Hadapt’s Chief Data Scientist and CTO Give Us a Peek Behind the Curtain

Hadapt chief data scientist Mingsheng Hong and chief technology officer Philip Wickline showcased the latest release of their flagship software in theCube during Strata Conference + Hadoop World last month.

Hong fires up the demo. He’s showing a single-node deployment of Hadapt 2.0 on his MacBook from within Tableau, which powers the easy-to-understand interface that the end user sees. The big data engine and BI solution each run in two separate Linux VMs.

The Tableau UI is displayed above a few Hadapt logs that Hong discusses for the sake of the demo. He points out that they display the real-time querying and loading that’s going on simultaneously in the background. The SQL queries themselves are generated by Tableau before being processed by Hadapt.
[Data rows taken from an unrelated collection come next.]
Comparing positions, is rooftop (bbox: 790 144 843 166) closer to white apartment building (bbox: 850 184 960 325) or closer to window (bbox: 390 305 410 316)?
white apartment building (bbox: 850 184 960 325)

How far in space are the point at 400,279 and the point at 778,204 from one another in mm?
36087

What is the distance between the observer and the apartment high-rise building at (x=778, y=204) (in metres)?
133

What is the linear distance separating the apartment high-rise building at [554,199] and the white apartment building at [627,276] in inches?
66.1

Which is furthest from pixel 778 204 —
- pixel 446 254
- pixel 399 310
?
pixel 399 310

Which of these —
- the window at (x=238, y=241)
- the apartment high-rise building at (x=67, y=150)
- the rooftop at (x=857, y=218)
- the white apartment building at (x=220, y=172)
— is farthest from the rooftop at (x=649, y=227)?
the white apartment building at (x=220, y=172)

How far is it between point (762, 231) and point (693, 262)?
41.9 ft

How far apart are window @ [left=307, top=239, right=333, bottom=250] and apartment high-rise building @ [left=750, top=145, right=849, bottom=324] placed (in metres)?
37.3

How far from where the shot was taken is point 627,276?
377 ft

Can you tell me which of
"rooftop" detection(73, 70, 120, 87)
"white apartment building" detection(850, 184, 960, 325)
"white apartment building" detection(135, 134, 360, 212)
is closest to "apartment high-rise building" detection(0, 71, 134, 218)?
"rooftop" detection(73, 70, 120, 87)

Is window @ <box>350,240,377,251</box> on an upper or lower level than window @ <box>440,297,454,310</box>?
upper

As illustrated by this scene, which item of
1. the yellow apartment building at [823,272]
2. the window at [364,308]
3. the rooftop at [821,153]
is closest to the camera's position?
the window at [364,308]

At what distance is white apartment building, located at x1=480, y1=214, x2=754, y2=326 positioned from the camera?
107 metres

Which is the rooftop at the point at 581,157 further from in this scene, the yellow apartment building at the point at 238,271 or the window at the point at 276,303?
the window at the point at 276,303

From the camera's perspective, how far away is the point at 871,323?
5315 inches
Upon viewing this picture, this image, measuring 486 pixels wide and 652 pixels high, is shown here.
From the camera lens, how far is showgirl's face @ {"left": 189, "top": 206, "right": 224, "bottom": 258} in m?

Hong then goes into detail about the technology, boasting that the platform doesn’t require a multi-million dollar big iron to run.  It’s designed for large scale enterprise systems, but it can run on a laptop just as well. The Hadapt program on his machine is natively integrated with Tableau, HBase and Mahout, a popular Hadoop-based machine learning engine.

It takes the data scientist a couple of seconds to load the graphs, which, in this case, outline social media reactions to a brand.  Hong’s colleague Wickline chips in to emphasize the real-time aspect, noting that the software provides a familiar interactive BI setting that the average business user or analyst is already comfortable with.

Hong moves on to provide a glimpse of some of Hadapt’s core features. Among them is the ability to easily highlight a section of a graph and see a breakdown of the relevant metrics for that period, demographic or region.

All this functionality is available in one bundle. Wickline says that enterprises can get a hold of the same analytical capabilities by taking the DIY approach, but adds that this usually requires a much bigger investment as well. There’s also the matter of added complexity and the inconvenience that can be caused by having to move data around between different systems.